Sales of $146 million were $27 million below fourth quarter, however, operating income of $10 million increased $4 million as higher cellulose specialties prices more than offset lower volume and absorbent materials prices. Compared to first quarter 2005, sales increased $3 million largely due to cellulose specialties prices partly offset by reduced volume and absorbent materials prices. Operating income, however, decreased $2 million mainly due to higher raw material and energy costs.

Wood Products

Sales of $32 million were $3 million below fourth quarter 2005 primarily due to lower volume while operating income of $3 million was essentially unchanged.
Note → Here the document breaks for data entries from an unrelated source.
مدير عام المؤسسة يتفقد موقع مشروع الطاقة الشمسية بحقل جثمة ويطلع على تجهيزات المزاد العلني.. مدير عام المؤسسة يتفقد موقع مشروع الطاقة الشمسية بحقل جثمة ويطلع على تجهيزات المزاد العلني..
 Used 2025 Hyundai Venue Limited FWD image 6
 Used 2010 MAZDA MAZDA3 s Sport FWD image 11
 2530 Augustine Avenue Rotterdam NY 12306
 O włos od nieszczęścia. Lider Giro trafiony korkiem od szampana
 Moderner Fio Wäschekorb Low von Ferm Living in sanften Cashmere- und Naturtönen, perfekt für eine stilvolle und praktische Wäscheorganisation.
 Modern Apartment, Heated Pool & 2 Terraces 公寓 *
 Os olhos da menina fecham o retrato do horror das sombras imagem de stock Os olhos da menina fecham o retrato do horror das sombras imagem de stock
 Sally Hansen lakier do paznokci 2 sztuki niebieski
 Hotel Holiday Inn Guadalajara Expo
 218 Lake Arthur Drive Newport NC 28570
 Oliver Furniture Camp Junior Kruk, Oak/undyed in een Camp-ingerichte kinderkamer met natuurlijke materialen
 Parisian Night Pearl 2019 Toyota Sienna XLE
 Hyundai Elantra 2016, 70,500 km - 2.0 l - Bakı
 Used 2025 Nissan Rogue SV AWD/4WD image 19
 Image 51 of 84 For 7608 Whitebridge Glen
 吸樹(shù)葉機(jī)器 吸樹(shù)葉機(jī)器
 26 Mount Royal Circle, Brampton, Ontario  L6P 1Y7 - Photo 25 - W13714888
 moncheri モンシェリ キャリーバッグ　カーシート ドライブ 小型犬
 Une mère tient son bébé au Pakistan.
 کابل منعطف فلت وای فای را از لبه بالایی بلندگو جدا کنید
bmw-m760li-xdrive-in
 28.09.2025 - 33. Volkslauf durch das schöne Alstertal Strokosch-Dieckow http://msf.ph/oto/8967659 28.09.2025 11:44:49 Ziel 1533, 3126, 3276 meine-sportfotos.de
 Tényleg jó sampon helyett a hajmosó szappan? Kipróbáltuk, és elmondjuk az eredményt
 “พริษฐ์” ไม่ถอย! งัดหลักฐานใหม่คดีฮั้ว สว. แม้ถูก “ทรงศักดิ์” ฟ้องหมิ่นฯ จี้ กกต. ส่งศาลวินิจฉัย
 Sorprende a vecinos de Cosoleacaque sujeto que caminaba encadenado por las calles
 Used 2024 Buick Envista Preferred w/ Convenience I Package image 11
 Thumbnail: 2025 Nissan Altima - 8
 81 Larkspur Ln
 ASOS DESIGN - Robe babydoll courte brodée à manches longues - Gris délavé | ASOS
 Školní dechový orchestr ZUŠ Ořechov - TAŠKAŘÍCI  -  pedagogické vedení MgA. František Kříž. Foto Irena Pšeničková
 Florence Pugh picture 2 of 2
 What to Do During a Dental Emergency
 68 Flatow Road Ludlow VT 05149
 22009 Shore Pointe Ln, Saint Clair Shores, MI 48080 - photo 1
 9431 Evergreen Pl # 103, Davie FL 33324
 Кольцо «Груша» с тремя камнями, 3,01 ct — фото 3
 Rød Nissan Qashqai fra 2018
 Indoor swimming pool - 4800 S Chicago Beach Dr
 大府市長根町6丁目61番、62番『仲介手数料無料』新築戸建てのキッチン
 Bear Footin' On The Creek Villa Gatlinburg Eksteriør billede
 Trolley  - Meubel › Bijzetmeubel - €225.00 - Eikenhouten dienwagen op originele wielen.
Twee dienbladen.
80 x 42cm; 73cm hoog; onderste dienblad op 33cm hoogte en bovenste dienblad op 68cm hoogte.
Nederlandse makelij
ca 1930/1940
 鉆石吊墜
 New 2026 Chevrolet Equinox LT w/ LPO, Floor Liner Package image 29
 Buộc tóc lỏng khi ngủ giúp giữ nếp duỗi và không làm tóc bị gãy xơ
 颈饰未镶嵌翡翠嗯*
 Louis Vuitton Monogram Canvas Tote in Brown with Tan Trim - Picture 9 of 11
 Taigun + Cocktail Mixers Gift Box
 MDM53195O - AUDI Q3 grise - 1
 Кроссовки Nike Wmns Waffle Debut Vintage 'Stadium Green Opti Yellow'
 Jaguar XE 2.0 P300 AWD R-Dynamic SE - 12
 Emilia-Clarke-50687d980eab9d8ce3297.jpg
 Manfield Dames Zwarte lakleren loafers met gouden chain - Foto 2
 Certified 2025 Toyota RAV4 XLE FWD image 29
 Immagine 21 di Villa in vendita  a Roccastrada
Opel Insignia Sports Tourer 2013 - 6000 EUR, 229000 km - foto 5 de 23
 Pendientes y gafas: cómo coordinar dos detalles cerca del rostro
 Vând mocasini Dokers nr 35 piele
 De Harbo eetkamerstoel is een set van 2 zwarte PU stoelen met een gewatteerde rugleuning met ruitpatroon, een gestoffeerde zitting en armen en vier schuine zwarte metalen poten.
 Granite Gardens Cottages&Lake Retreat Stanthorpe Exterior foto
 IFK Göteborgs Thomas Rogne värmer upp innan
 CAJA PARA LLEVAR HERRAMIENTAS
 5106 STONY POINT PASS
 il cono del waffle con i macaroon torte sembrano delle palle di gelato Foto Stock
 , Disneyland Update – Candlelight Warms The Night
Compared to first quarter 2005, sales improved $1 million while operating income declined $1 million due to increased manufacturing costs partially offset by higher volume and prices.

Other Operations

Sales of $32 million and essentially break even operating results were $2 million and $1 million below fourth quarter 2005, respectively, primarily due to lower coal royalties. Compared to first quarter 2005, sales improved $6 million while operating income declined $1 million mainly due to lower trading margins.

Other Items

Corporate expenses of $9.5 million were $0.9 million below fourth quarter 2005 as lower incentive compensation accruals were partially offset by $2.1 million of stock option expense. Compared to first quarter 2005, corporate expenses were $1.9 million higher, principally due to the impact of expensing stock options.

Intersegment eliminations and other income of $0.3 million was $3.2 million favorable to fourth quarter 2005, primarily due to a $3 million increase in disposition reserves in 2005, and comparable to last year's first quarter.

Interest expense of $12 million was in line with both fourth and first quarters of 2005.

Interest and other income of $2.2 million was $2 million below fourth quarter 2005 but $1.8 million above first quarter 2005. The unfavorable variance to the fourth quarter was primarily due to a gain on the sale of a manufacturing asset in that quarter, while the favorable variance to the first quarter was mainly due to higher interest income.

Excluding discrete items, the effective tax rate for the quarter was 16.4 percent compared to 17.2 percent in first quarter 2005. Including discrete items, the first quarter 2005 effective tax rate was substantially lower due to the favorable IRS audit settlement in that period (see Schedule J for details).

Outlook

The company said second quarter 2006 net income is expected to be somewhat above the first quarter with improved cellulose specialties volume and product mix as well as higher Northwest timber prices, partly offset by increased performance fibers manufacturing costs. However, earnings are expected to be somewhat below second quarter 2005, excluding special items, primarily due to higher performance fibers manufacturing costs partly offset by improved prices for cellulose specialties and Southeast timber.

Nutter said: "With strong demand and pricing for cellulose specialties, U.S. timber and Southeast real estate, we continue to believe that full-year earnings will be somewhat above 2005, excluding special items. The second half of the year should be much stronger than the first, particularly due to increased real estate transactions."

Rayonier owns, leases or manages 2.5 million acres of timberland in the U.S., New Zealand and Australia. Its real estate subsidiary, TerraPointe LLC, is focused on maximizing the value of its higher-and-better use properties, particularly in the fast growing counties along Interstate 95 between Savannah, Georgia, and Daytona Beach, Florida, where the company owns approximately 200,000 acres. Rayonier is also the world's leading producer of high performance cellulose specialty products. Approximately 40 percent of Rayonier's sales are outside the U.S. to customers in more than 50 countries.